Now you might be thinking all this is well and good, but what has it got to do with the Gospel? It has to do with excellence in living. Paul was concerned not only that there was work to be done by the church at Thessalonica. He undoubtedly was also concerned that those who were slacking off misunderstood their call to be followers of Jesus. Christian faith is an activist faith. It is not about sitting in a corner meditating--though prayer and meditation have their place. Christian faith is about witnessing and winning, confronting and converting, feeding the hungry, and visiting the sick and those in prison. We are an army on the move. We need people who are ready and willing to do their part. You see, Paul was not counseling people in business to get busy, or people in government, or people in the armed forces. He was counseling people in the church. This is who we are, Paul was saying to them. We are followers of Jesus. We are those called to redeem the world. We are those walking in the footsteps of the Master. The way we live witnesses to our faith. Christ has called us to live excellent lives--lives of mercy and of majesty, just as Christ lived a life of mercy and majesty. And that means giving our best at all times, in everything we do.

And Paul himself set the example for others to follow. He reminds the church at Thessalonica: "You never saw us loafing; we never accepted food from anyone without buying it; we worked hard day and night for the money we needed to live on, in order that we would not be a burden to any of you. It wasn't that we didn't have the right to ask you to feed us, but we wanted to show you, firsthand, how you should work for your living."

Even if we didn't have this written record to Paul's tireless efforts in behalf of the Gospel, we could judge by his many travels how much the Gospel meant to him.

Paul Rogers of Centerville, Tennessee, has done some calculating of just how far the Apostle Paul walked in his efforts to spread the gospel.

According to Acts, he took three missionary journeys. The second of these alone amounted to three thousand miles, two thousand of which would have been on foot. The average daily distance of a traveler of that time was about twenty miles, with a Roman Inn being located every 20 to 25 miles along the road. These inns were unbelievably filthy and bug-infested. Paul traveled through snowy mountain passes and spring floods. He walked through areas famous for harboring robbers and criminals. He braved wild beasts which imperiled every traveler. And to think, says Paul Rogers, he was walking not for his own health, but for the spiritual well-being of others! (5)
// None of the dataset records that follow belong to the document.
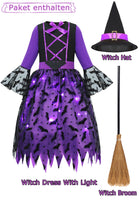 1 x RAW Customer Returns Geplaimir Witch Costume Children s Witch Costume Girls Carnival Wizard Costume with Light Witch Dress with Witch Hat Witch Broom Luminous Witcher Costume Outfit Set for Carnival Halloween G073XS - RRP €35.99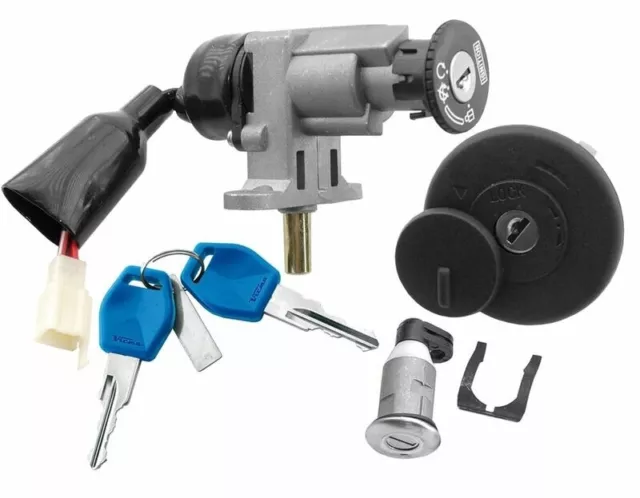 Blocco Accensione + Serrature + Chiavi per Keeway Focus 125 2006-2012
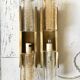 Pair of Vitrika wall lamps in glass and brass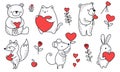 Valentine's Day Vector Set. Cute animals in doodle style holding hearts, bear, mouse, fox, cat, hare. Different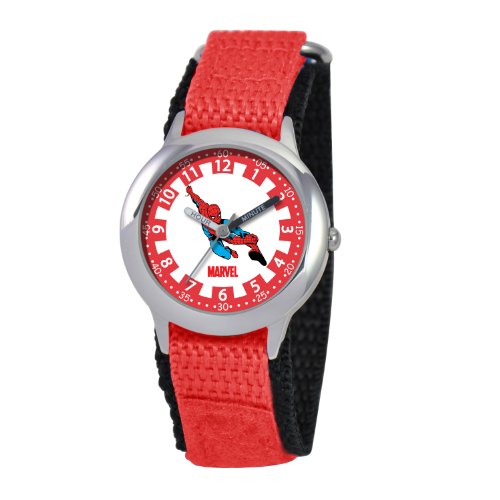 Marvel Comics Kids' W000112 Spider-Man Stainless Steel Time Teacher Watch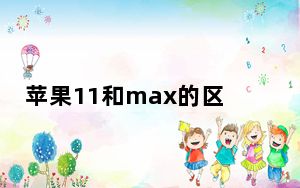 苹果11和max的区别哪个好_苹果11和max的区别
St. Paul would have appreciated Paderewski's blood-stained piano. He knew about hard work and a dedication to excellence. Of course, it was a blood-stained cross that gave St. Paul his passion in life--the blood-stained cross of one who was willing to give up everything for your sins and mine. "Were the whole realm of nature mine," goes the old Gospel hymn, "That were an offering far too small. Love so amazing, so divine, demands my life, my love, my all."

"Even while we were still there with you," St. Paul writes, "we gave you this rule: "˜He who does not work shall not eat.'" St. Paul isn't talking to people on welfare. He's talking to people in the church who have been bought with the very blood of Christ and yet are willing to settle for second-rate lives. It's not enough, he's telling us. "Love so amazing, so divine, demands my life, my love, my all."


1. "Paderewski's Piano" by David Taylor Smithsonian Magazine Mar. 1999 pp. 30-34.

2. Cited in Roger Ailes, You Are the Message (New York: Doubleday/Currency, 1988).

3. The Business Bible--Ten Commandments for Creating an Ethical Workplace by Rabbi Wayne Dosick, William Morrow and Co., Inc., New York, 1993, p. 55.

4. Nancy Collins, Hard to Get (New York: Random House, 1990), p. 259.

5. A Treasury of Bible Illustrations compiled by Ted Kyle and John Todd, AMG Publishers, Chattanooga, TN., 1995, p. 91.